Giorgio de Chirico, The Mystery and Melancholy of a Street, 1914
“One must paint all the phenomena of the world as an enigma”

Comment
A simple shadow, a haunting sense of foreboding. De Chirico was a magician at this.

J.M.W. Turner, Snowstorm – Steam-Boat off a Harbour’s Mouth, 1842
“Light is therefore colour”

Comment
Hard to believe this painting is more than 170 years old (predating Impressionism by decades). It’s a vortex of splash and chaos, the schooner captured only by a burst of light in the distance.

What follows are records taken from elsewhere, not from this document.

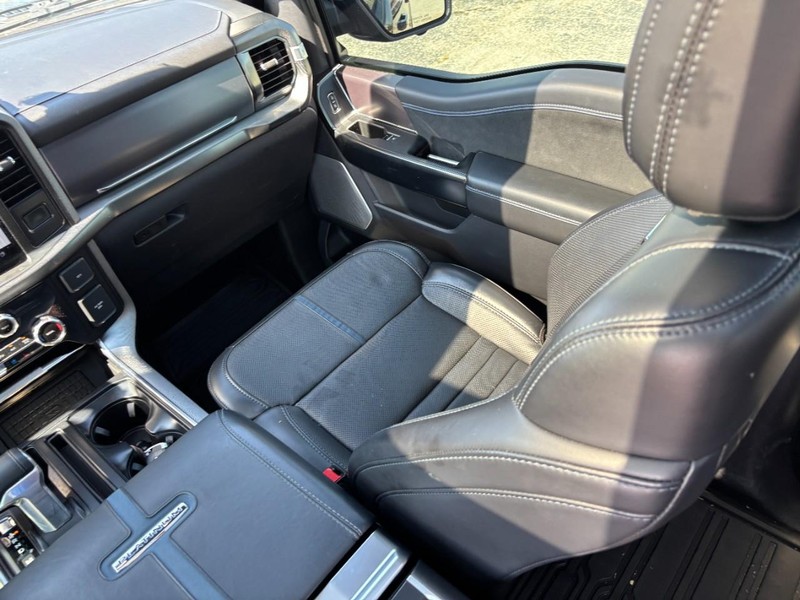 Ford F-150 Vehicle Full-screen Gallery Image 16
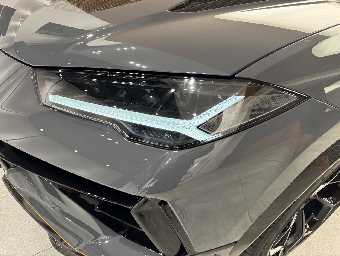 LAMBORGHINI URUS 2025 Image 13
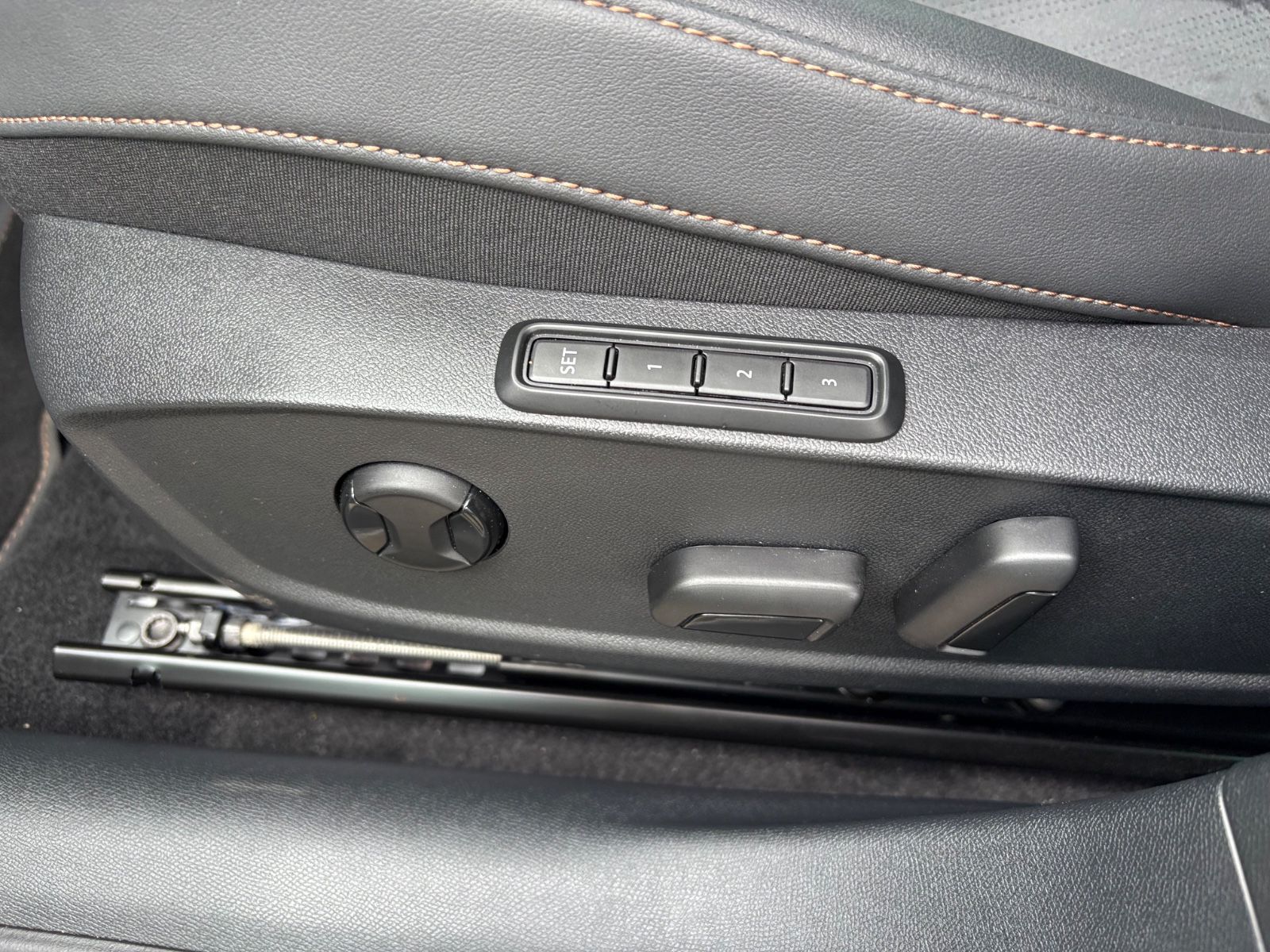 Fahrzeugabbildung CUPRA Formentor VZ 2.0 TSI 245 kW 4Drive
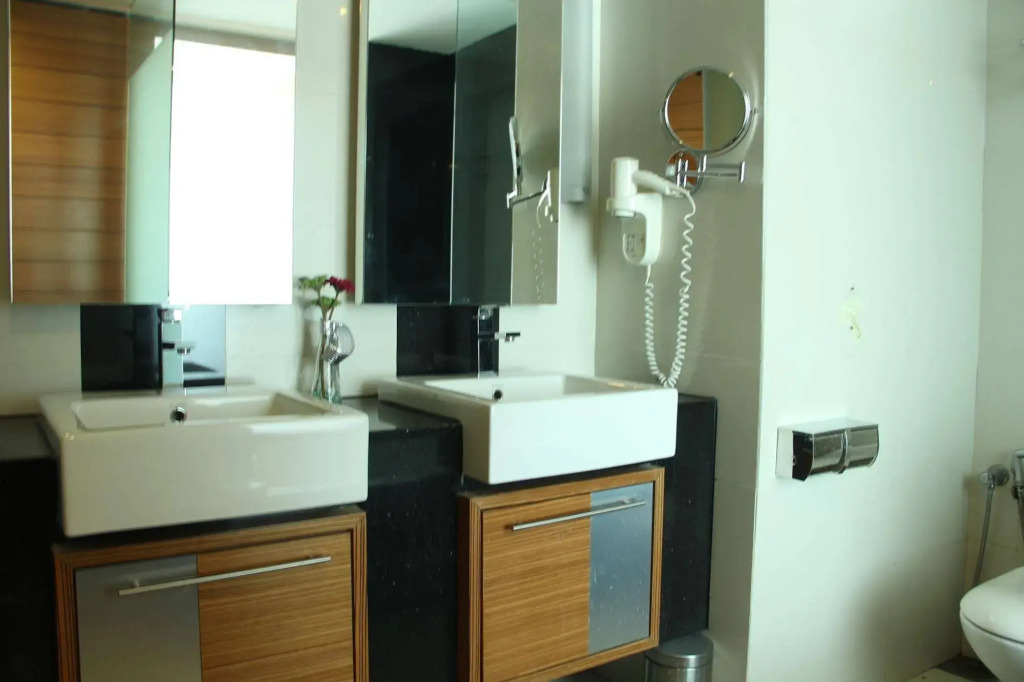 Dua Sentral Residence near KL Sentral by COBNB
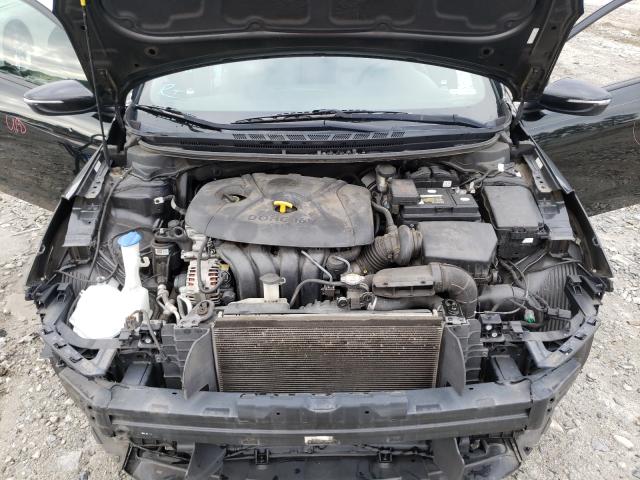 Photo 6 VIN: KNAFX4A68F5427483 - KIA FORTE LX 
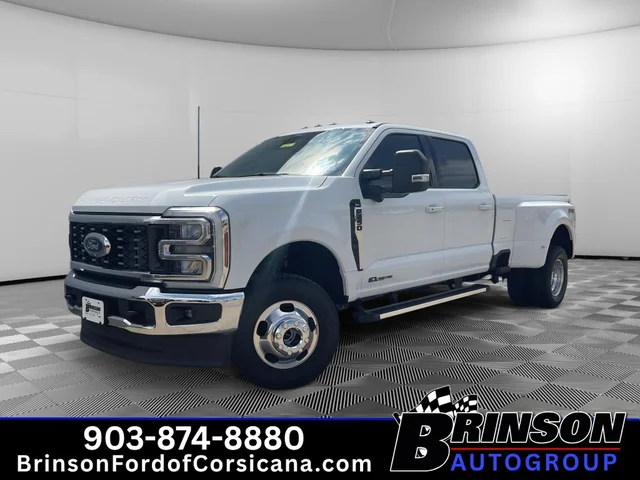 2026 Ford Super Duty F-350® XLT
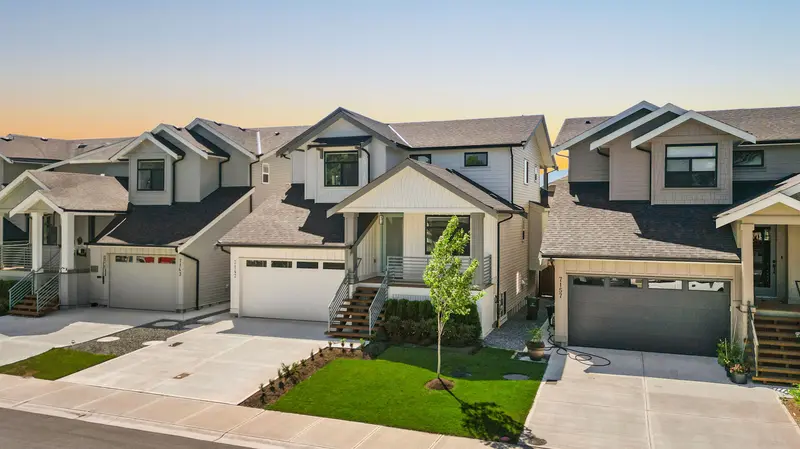 7147 ELWOOD DRIVE - photo 3 of 25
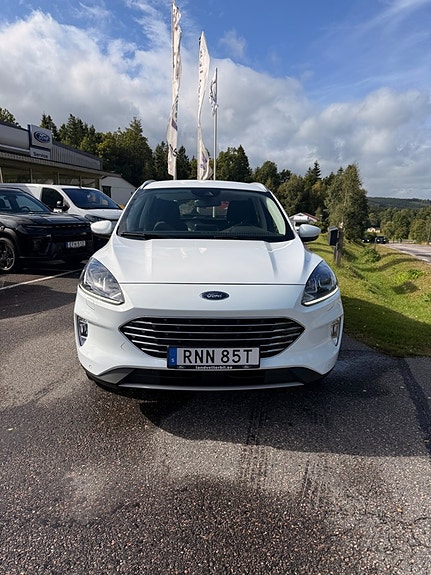 Ford Kuga 2 of 10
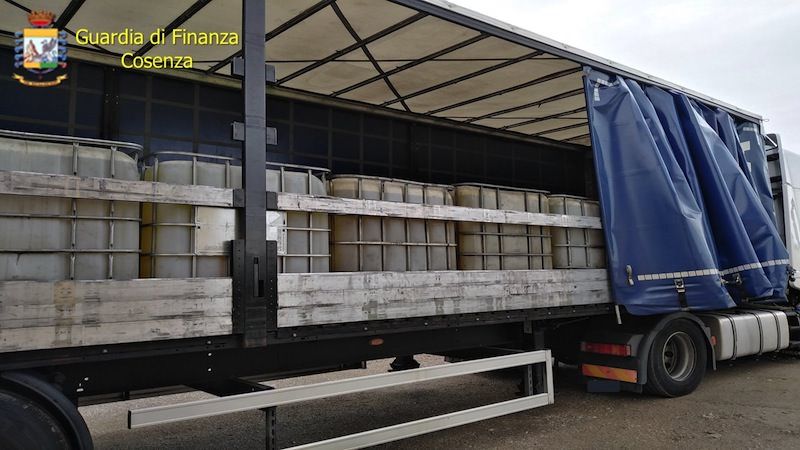 Truffa sul gasolio agricolo ed evasione fiscale da 23 milioni, 18 denunce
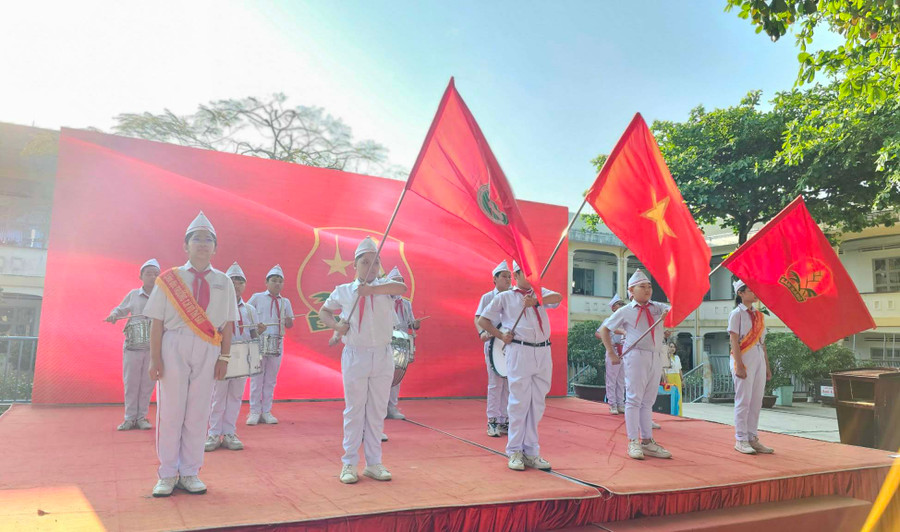 Mỗi hoạt động giáo dục truyền thống đã góp phần bồi đắp tình yêu quê hương, đất nước cho thế hệ trẻ. Ảnh: M.N Mỗi hoạt động giáo dục truyền thống đã góp phần bồi đắp tình yêu quê hương, đất nước cho thế hệ trẻ. Ảnh: M.N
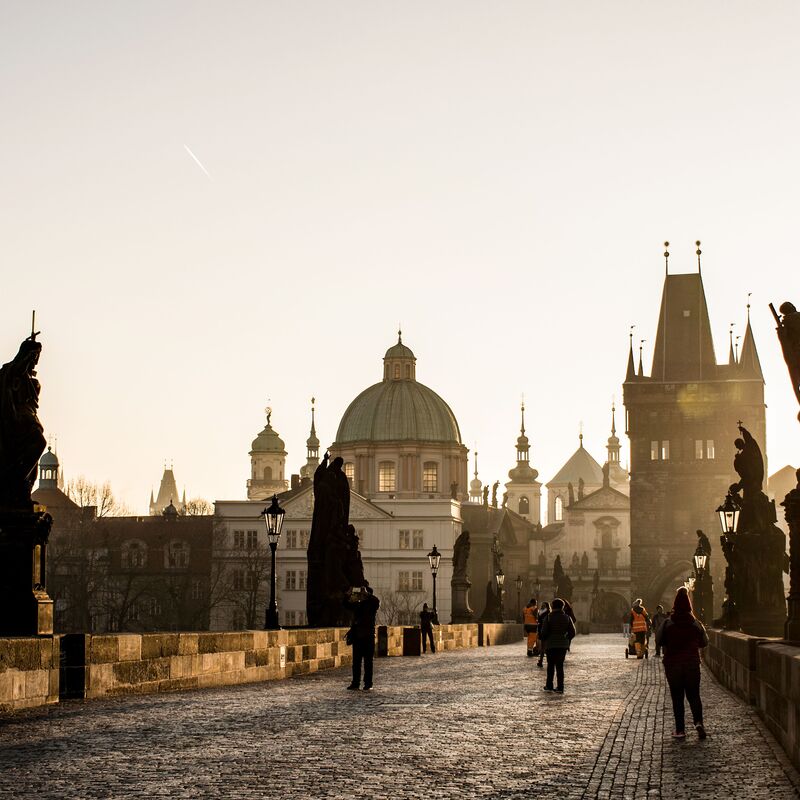 EUROPEAN DISCOVERIES:
Cobblestones & Castles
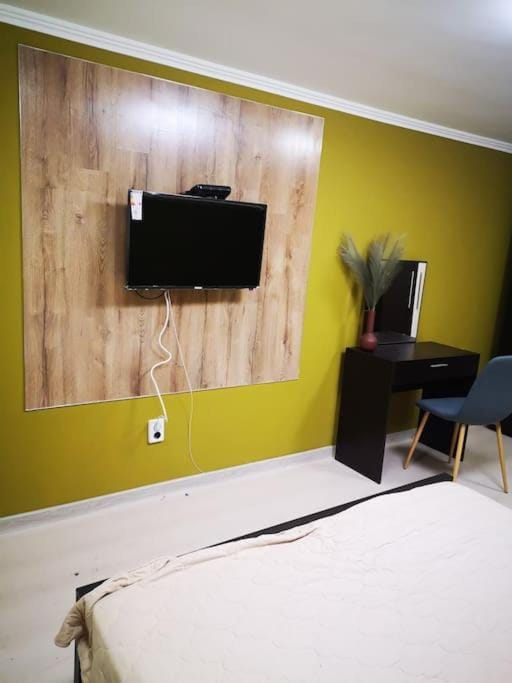 Студиото е партер от жилищна сграда. Топ център. Apartment in Varna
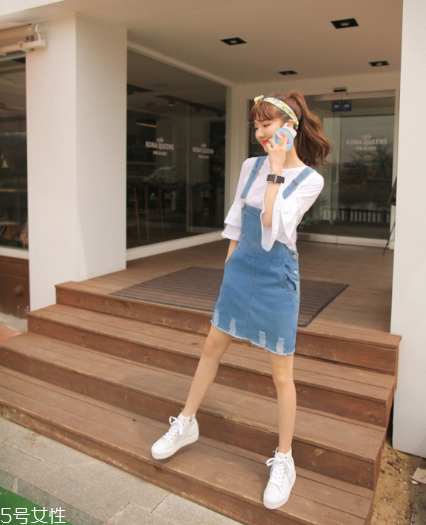 牛仔連衣裙配什么鞋？牛仔連衣裙搭配鞋子圖片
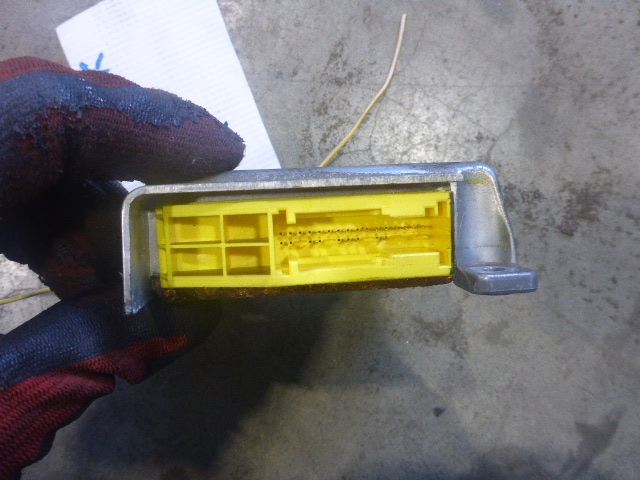 Блок управления подушек безопасности (AIR BAG)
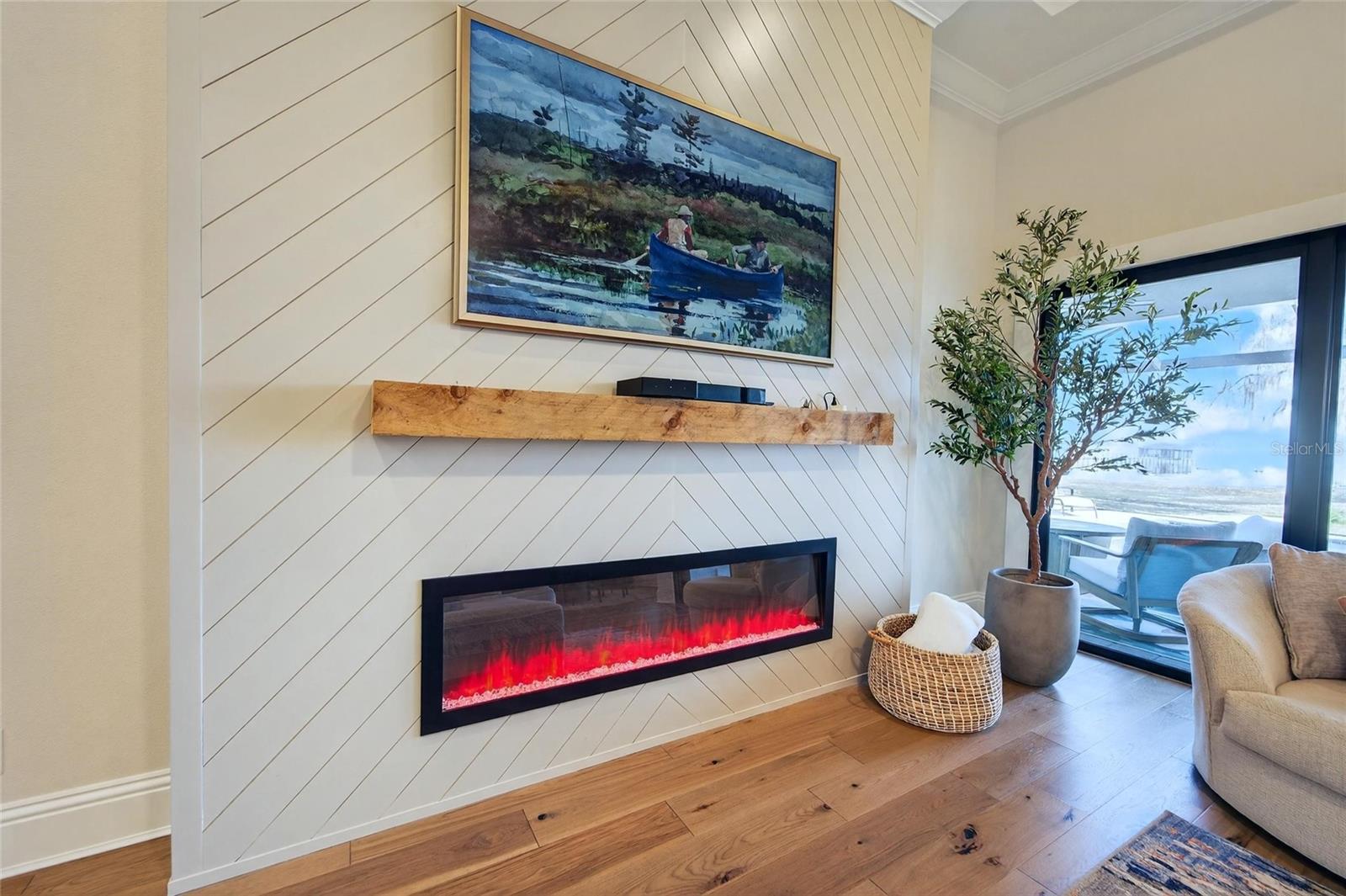 Listing photo id 9 for 5264 Riverlake Drive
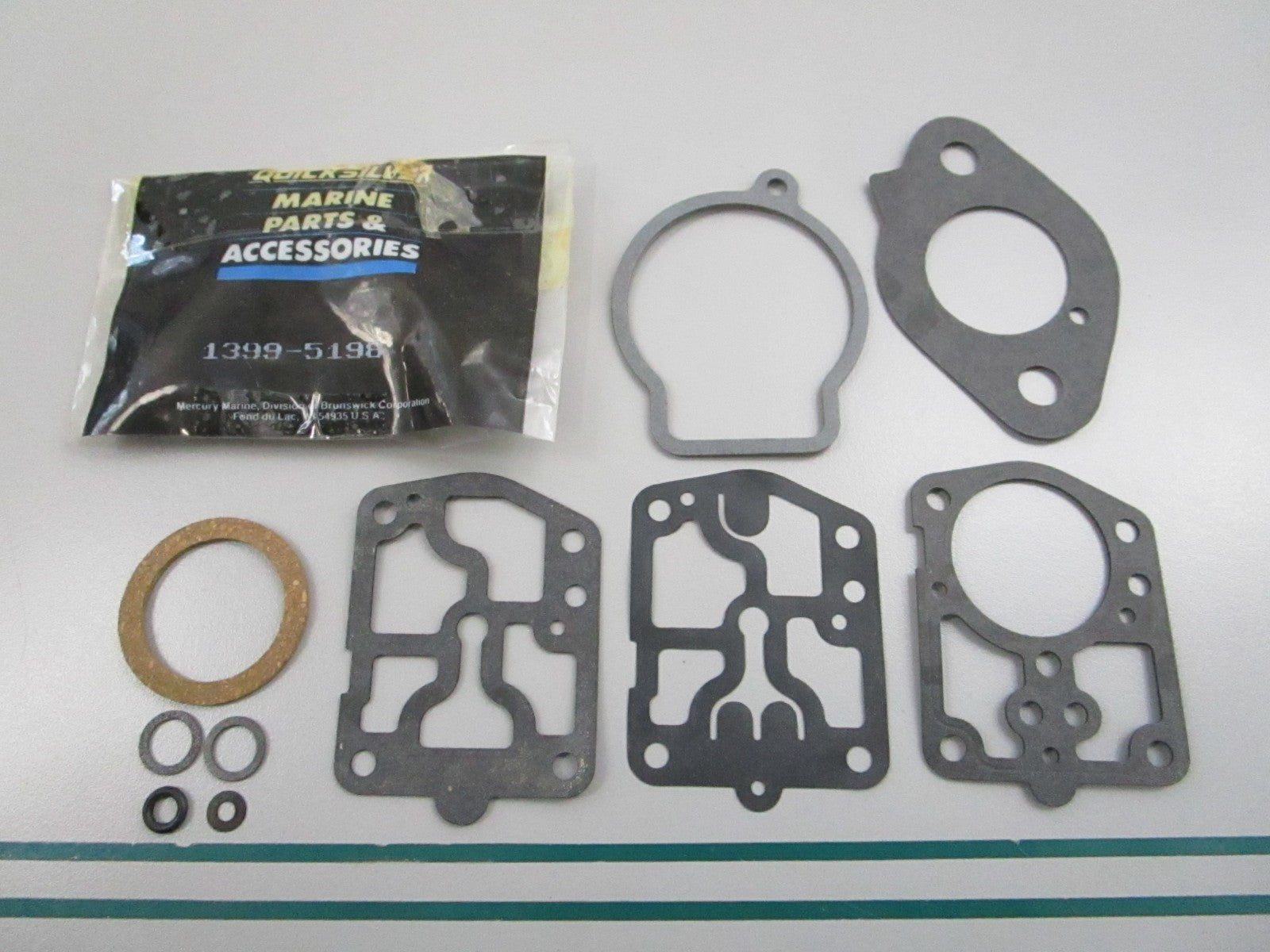 NEW OEM 1399-5918 Mercury Quicksilver Gasket Kit 0810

Edward Hopper, Nighthawks, 1942
“Unconsciously, probably, I was painting the loneliness
of a large city”

Comment
Despite its ubiquitousness in the American art landscape, I still love the movie-set-like isolation of this and other Hopper works.

Henri Matisse, Jazz series, 1947
“My curves are not crazy”

Comment
Perhaps not the “great” Matisse by standard definition, as Jazz represents his turn to mediums other than oil after disability by illness. But the collection is fun, fresh, and brilliantly colorful.

Mark Rothko, No. 61 Rust and Blue, 1953
“Silence is so accurate”

Comment
Ah, Rothko. Still hope to visit the Houston chapel where people go just to sit and meditate amidst his paintings.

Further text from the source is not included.